The story is about a bear and a tiger, two friends who live happily in the countryside.  The bear spends his days fishing while the tiger likes to spend time in the woods. One day the bear finds a box of bananas in the woods and on it is the word "Panama."  The box and the bananas smell so sweet and wonderful that the bear is convinced that the whole country of Panama must smell this way. Bear decides that he and his friend Tiger must go to Panama, the land of his dreams that surely must be the best place in the world since it smells like bananas.  They head out with no direction merely walking in circles yet making new discoveries along the way.  And with each new discovery they think they must be in Panama but end up right back in their own yard, suddenly realizing that there's no place like home. 

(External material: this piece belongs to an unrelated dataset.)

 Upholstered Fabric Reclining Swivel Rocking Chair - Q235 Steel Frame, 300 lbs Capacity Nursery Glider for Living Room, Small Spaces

And those of us that live in Panama know for sure that Panama smells like many things but not so much like bananas. In fact we joke with other expats all the time that we must reek of onions because we eat so many of them.  We mix raw onions, green peppers, and tomatoes, with mostly everything that we eat.  With eggs for breakfast, with tuna or chicken for lunch, and with chicken or fish for dinner pretty much everyday so for those that meet us, Panama smells like onions. And garlic is used in large amounts here too as flavoring and is quite cheap, so between the raw onions and garlic, tourists probably leave Panama thinking that it smells like onions and garlic.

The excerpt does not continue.